Lehrer sind der zweite und der Raum ist der dritte Pädagoge.“

Atmosphäre und Architektur, also eine gut gestaltete und intelligent vorbereitete Umgebung, sind für das Gelingen der Bildung entscheidend.

Vieles von diesem Konzept gehört heute längst zum Schulalltag. Kinder werden immer seltener vom Pult aus belehrt, sondern erhalten die Chance, sich neues Wissen gemeinsam und eigenverantwortlich zu erarbeiten. Den deutschen Schulgebäuden und Klassenzimmern sieht man dies allerdings kaum an. Moderner Unterricht muss in den Schulstuben von gestern improvisiert werden, mit Möbeln, die nur für den Frontalunterricht taugen. In solchen Lerncontainern stößt jeder selbstorganisierte, handlungsorientierte Unterricht auf erhebliche Widerstände.

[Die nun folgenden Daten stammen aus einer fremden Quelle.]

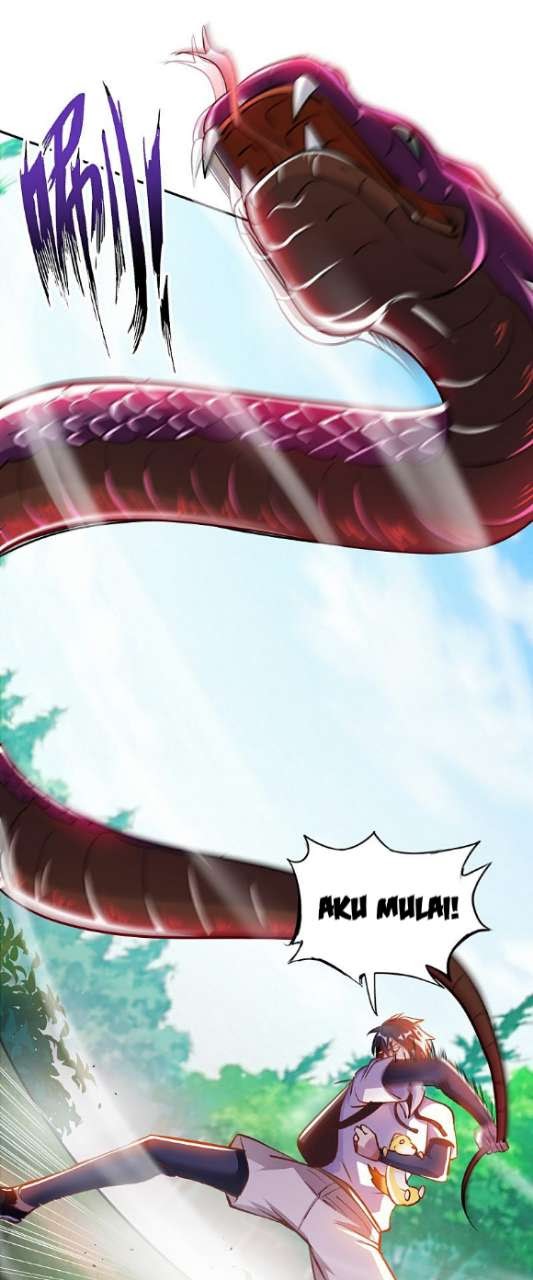 My Master Is A God (The Master Is Immortal) Chapter 06 Gambar 17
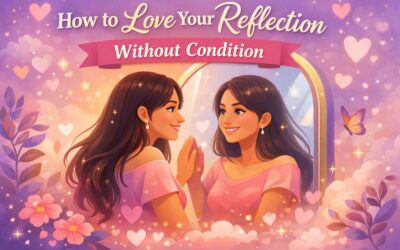 How to Love Your Reflection Without Condition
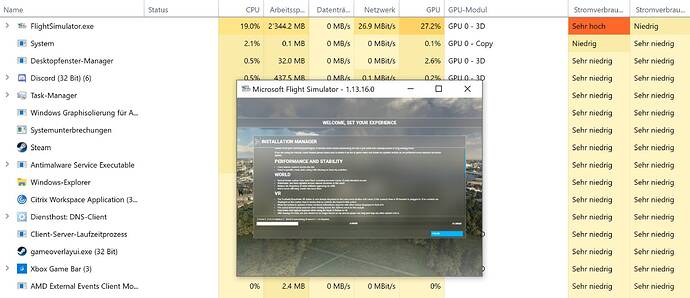 High GPU Load During Update III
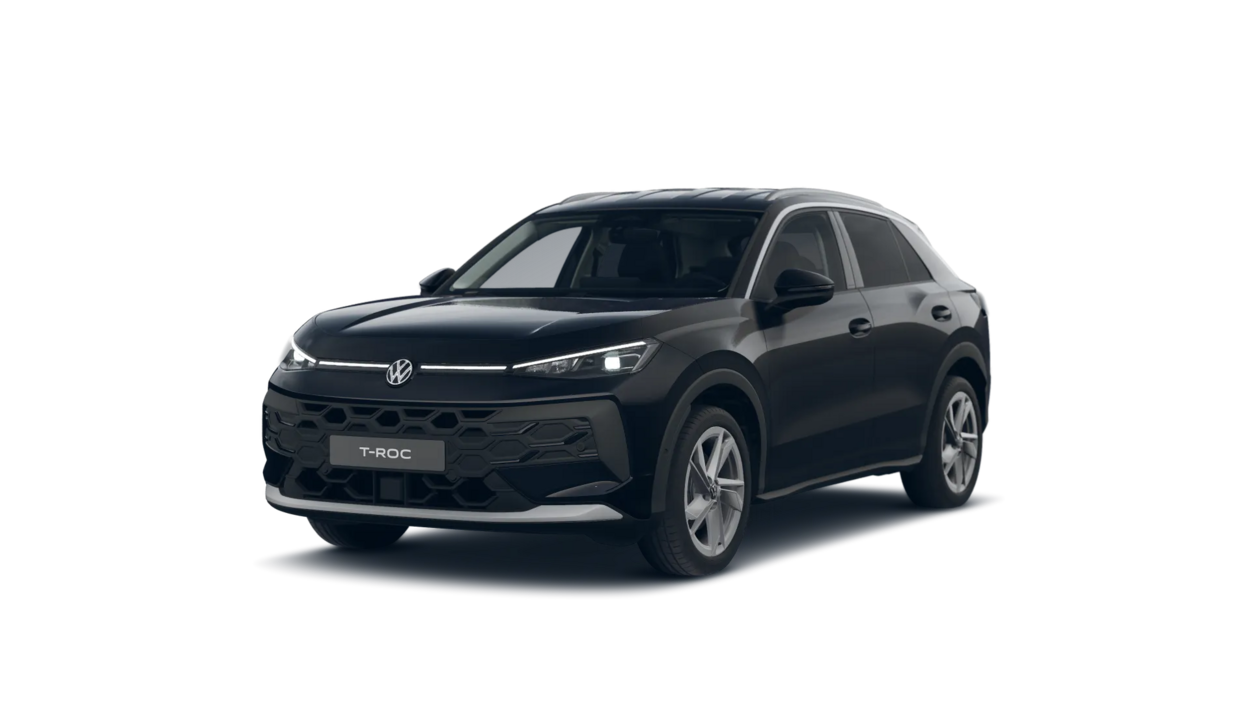 Nowy T-Roc - render 4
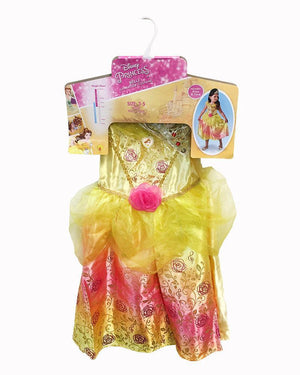 Buy Belle Rainbow Deluxe Costume for Kids - Disney Beauty and the Beast from Costume World
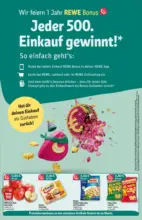 Rewe: Wochenangebote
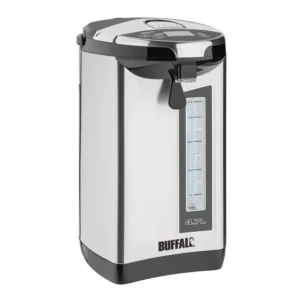 Chauffe-eau électrique mains libres Buffalo 4,7 L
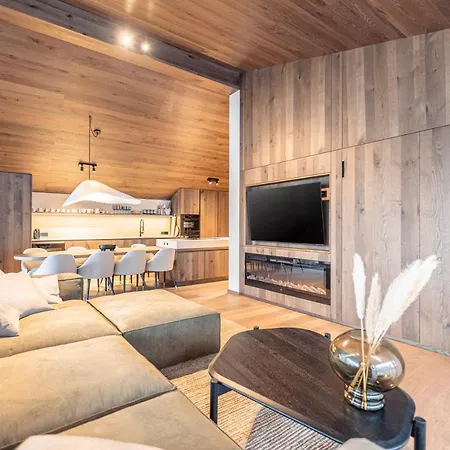 Liesl By Alps Apartament Haus im Ennstal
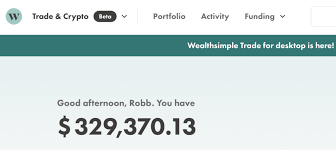 Learn the pros and cons of wealthsimple trade. Wealthsimple Trade Review Canada S Only Zero Commission Trading Platform Boomer Echo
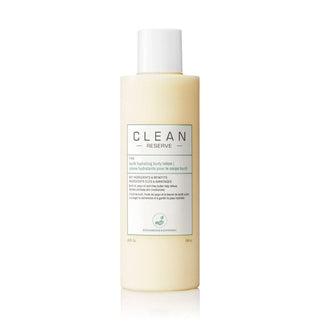 Clean קרם גוף לחות שמן רזרב בוריטי 296 מ"ל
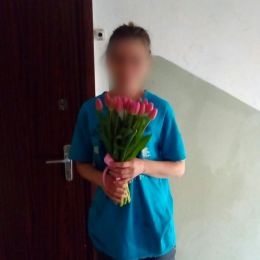 Доставка цветов в город . Отчёт № 1558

Flexibler Unterricht benötigt ebenso flexibel gestaltbare Räume. Im Idealfall ist dies eine „fraktale Schule“ mit offenen Raumkonzepten, die Nischen für Einzel- und Kleingruppenarbeit ebenso anbieten wie Großflächen für klassenübergreifende Kooperation. Aber auch in Schulgebäuden mit traditionellen Strukturen von Fluren und Klassenräumen lassen sich flexible Lernwelten gestalten.

Ein gut gestalteter Lernraum sollte eine Einladung sein zum Lernen – und eine Atmosphäre schaffen, in der man sich wohl fühlt, die ausdrückt, dass die Menschen darin willkommen sind, respektiert und wertgeschätzt werden.